Archive for HD 162826

Discovery of a plausible solar sibling, HD 162826

Posted in astronomy with tags , , , , on June 25, 2014 by Tim Kendall

image_1919e-HD-162826
Image credit and caption: HD 162826 even has its own website, from which this image is taken.

Main sequence stars similar to the Sun, with similar effective temperatures (spectral type G2V) and metallicity (known for example by measuring the Fe/H abundance ratio), may be called solar twins, but these stars may not have the same age as the Sun. The new discovery HD 162826, however, has such a similar chemical abundance pattern to the Sun (i.e. the same amounts of all the chemical elements present), can be shown to be the same age as the Sun (middle figure), and to share similar dynamical characteristics, that it may be called a true “solar sibling”. Since most if not all stars are born in clusters, the inference is that the Sun and HD 162826 were formed at the same time in the same cluster, 4.6 Gyr ago. That the two stars have such similar abundances is evidence that they are coeval, since the two stars will have formed from the same material. However neither HD 162826 or the Sun are in the cluster now, since the cluster will have long since dissipated, having become gravitationally unbound soon after the stars had formed under tidal shear forces resulting from the Galactic rotation.
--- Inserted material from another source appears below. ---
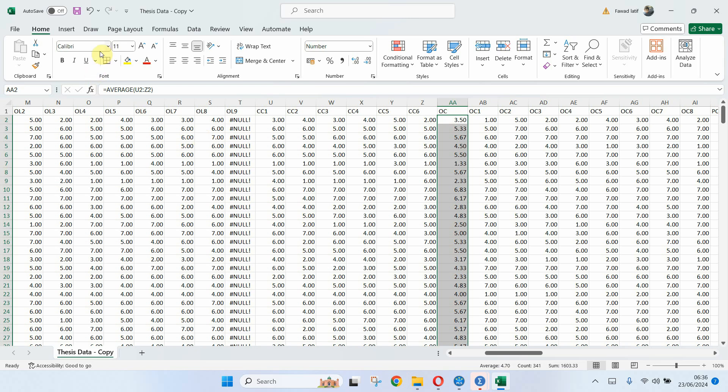So this is how you can do the dummy coding or create the composite score for your variables to be used later in correlation, ANOVA, regression or any other test. Thank you very much.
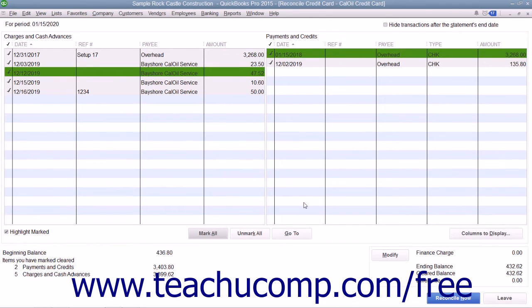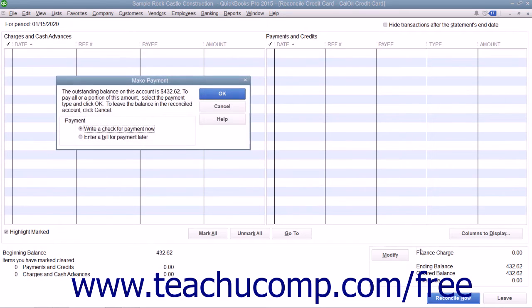When you are finished, the difference shown in the lower right corner should be zero. At that point, you can click the Reconcile Now button to finish reconciling the account and select an option for the reconciliation report that you want to generate.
For the same reason, the two stars are not at all physically associated, HD 162826 lying as it does 110 light years distant in the constellation Hercules (bottom figure).

HD162826_CMD
Image caption: Age and fundamental parameters for HD 162826, courtesy E. Mamajek (U. Rochester). In another development, a candidate for the coolest known white dwarf has been found, circling a neutron star. The presence of a white dwarf rather than another neutron star is inferred, but there is no detection of the optical counterpart. This suggests the white dwarf is so old it has cooled below 3000 K, and for this reason may be at least partially composed of crystalline carbon (diamond).
solar_sibling_HD162826_chart
Image caption: Location of HD 162826 on the sky, near the star 90 Herculis. Update: A reckoning for the Gliese 581 system. This is the way science progresses: the presence of Gliese 581g and d are now disproved. In another new paper also published in Science, microlensing techniques have been used to detect a two earth mass, probably rocky, planet around one member of a binary system (arXiv preprint). From the abstract [more]:

We detect a cold, terrestrial planet in a binary-star system using gravitational microlensing. The planet has low mass (2 Earth masses) and lies projected at ~ 0.8 astronomical units (AU) from its host star, similar to the Earth-Sun distance. However, the planet temperature is much lower, T < 60 Kelvin, because the host star is only 0.10 – 0.15 solar masses and therefore more than 400 times less luminous than the Sun. The host is itself orbiting a slightly more massive companion with projected separation ~ 10 – 15 AU.